The situation is different in the case of liner shipping, where vessels very often sail in restricted areas. However, on the Baltic Sea, ferries and other ships sail entirely in restricted areas; thus, they often change both course and speed [9]. In other words, the number of factors that may have an influence on fuel consumption seems to be enormous, and moreover, is difficult to estimate precisely in such conditions.

The next section of the article presents the ferry as the research object, along with a brief description of the area in which the ferry operates. The same section also shows the sources and the method of data collection and the initial data classification. The aim of Section 3 is to analyze the collected data. It also focuses the readers’ attention on the possible impact of the degradation of silicone coating of the underwater part of the hull on the increase of ferry fuel consumption. At the end of the article, the obtained results are discussed. Finally, the disruptive factors that may affect the conclusions of the research are presented.

2. Materials and Methods

2.1. Object of the Study

The assessment of ferry fuel consumption is important for the economic results of a business project. However, the existing methods based on the ship’s daily reports require advanced mathematical formulae for analysis [10]. This article proposes a simple method of controlling the ferry fuel consumption with research based on operational data available on the vessel. The data comes from routine observations carried out by the ferry crew and noted in the ship’s logbook. For the data analysis, the popular spreadsheet Microsoft Excel was used but with the statistical analysis block, which allowed the possibility of using the method among people with only basic spreadsheets skills. The direct purpose of the research is to exemplify the increase of fuel consumption as a result of time degradation of the anti-fouling coating. The object of the research was a ferry (overall length 158 m, width 28.5 m, twin controllable pitch propeller, with the total power of two engines being 7920 kW) with silicone paint covering the entire underwater section of the hull. Silicone paint smoothness and elasticity (being the bending ability under the influence of overboard water flow during the movement of the ferry) allows for detachment of organisms trying to stick to the hull. The effectiveness of silicone coating has been proven for faster ferries, especially in the absence of ice; however, on the tested ferry, silicone coating was applied experimentally due to its slow speed, with the highest value not exceeding 16 kts. The silicone coating was applied in August 2007, and since then, significant renovation has not been carried out Figure 1 with the only maintenance being hull water pressure washing operations undertaken during dry docking (five times). The ferry operates continuously in similar loading conditions and, regardless of loading condition differences, ballasts are used to achieve the same optimal trim and draft. Therefore, this factor is omitted in the data analysis.
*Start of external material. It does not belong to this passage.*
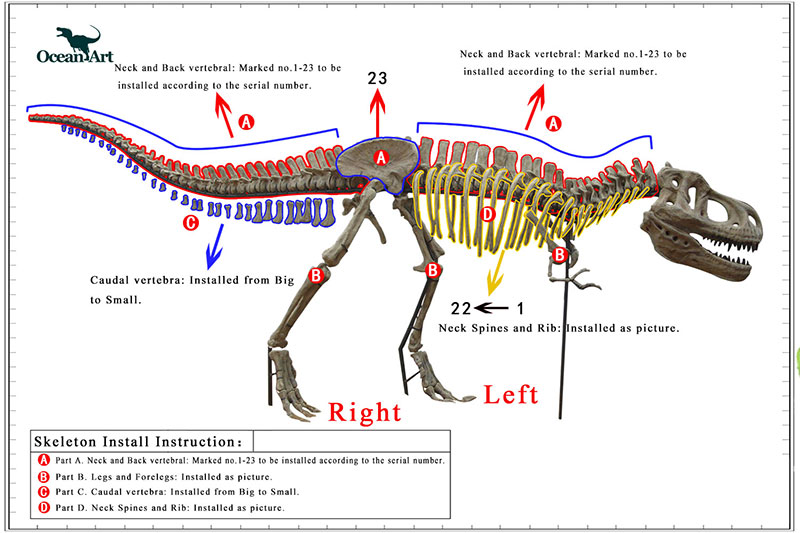 恐龍骨架安裝步驟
2.2. Ship’s Operational Data

Operational data were collected during 6663 round-trip voyages between two southern Baltic ports: Trelleborg and Świnoujście. These so-called “sea passages” did not include areas covered by compulsory pilotage as specified in the relevant regulations for both ports. Data were recorded separately for every voyage and for each set, the time (days) from the moment of applying the anti-fouling silicone coating was also specified. Because the aim of the research is not to compare the silicone coating to the classic anti-fouling biocide coating, the data does not include the period before silicone paint was applied.

The average speed (in kts) is based on the length and time of the sea passage. The average setting for both controllable pitch propellers of the ferry is specified as percentage of the pitch angle of the propeller blade, in the range of 0%–100%. It is worth noting that neither pitch propeller settings are stable during the sea passage; settings are often changed, among other things, due to the necessity of adjusting the passage time, as stated in the planned timetable. Changes of pitch settings are also forced by ferry speed maneuvers, which may take place due to anti-collision actions in accordance with COLREG Rules. Speed adjustment is also required to ensure ferry safety in severe hydrometeorological conditions.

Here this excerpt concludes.